The bulk of my editing work was devoted to achieving consistency in and between your footnotes and references. As you explained, your footnote style is of unknown origin and is somewhat eclectic. In no special order, here is what I have done:
- Concerning supra, I have employed this term in all cases of successively footnoted legal cases. Legal text appears to be the one remaining bastion of the term’s use. APA, MLA, and CMOS no longer use it, or op. cit. for that matter, and frown on its use. Thus, I have reserved the term for footnote repetition citing cases because of your request that I do so.
- I have used ibid. per CMOS for same page repetitions of the same citation.

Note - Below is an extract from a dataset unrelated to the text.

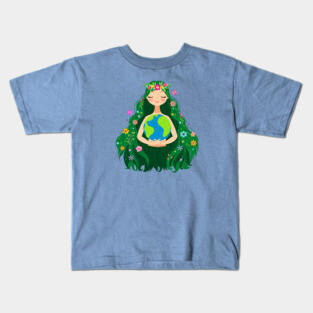 Beautiful Flowing Flower Earth Mother Figure Kids T-Shirt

- The most significant decision (in terms of footnote efficiency) was to adopt a form similar to a CMOS footnote citation to shorten repetitions of the same text. For example,
Baldwin, M. (2012). The Editing of a Dissertation. Editing Rights Quarterly, 14, p. 37-89.
on footnote repetitions on successive pages of the same work would become
Baldwin, M. (2012), p. 86.
What makes it possible to do this is the existence of a full bibliography. The net effect is to streamline an otherwise more complex set of notes. If for any reason, you should require restoration of the originals, this can be done in most cases by rejecting the deletion of the excised material.
- I adopted the following footnote conventions:
One author or editor (as author): Name, I. (2010)
Two authors or editors (as author): Name, I., and Name, J. (2010
Two editors (in compilation): In I. Name and J. Name (eds.)
Journal, Vol. 21, p. 87.: Journal 21, p. 87.
Journal, Vol. 22, no. 4, p. 102.: Journal 22 (4), p. 102.
I left your spacing and page format intact. When you finalize the manuscript, you want to look for and correct widowed lines, and, of course, pagination, which may have shifted owing to additions and deletions.
I do not understand why you have broken your reference component into sections. You might want to consider adding a straight alphabetical bibliography if for no other reason than to facilitate searches while the reader is reading.
In sum, you have written what to my view is a thoughtful, interesting, and promising dissertation. You have great promise as a scholar and I expect to see your name in the future.
If you have questions or comments regarding my edits, please let Marc know. Meanwhile, I offer my best wishes as you continue your dissertation process.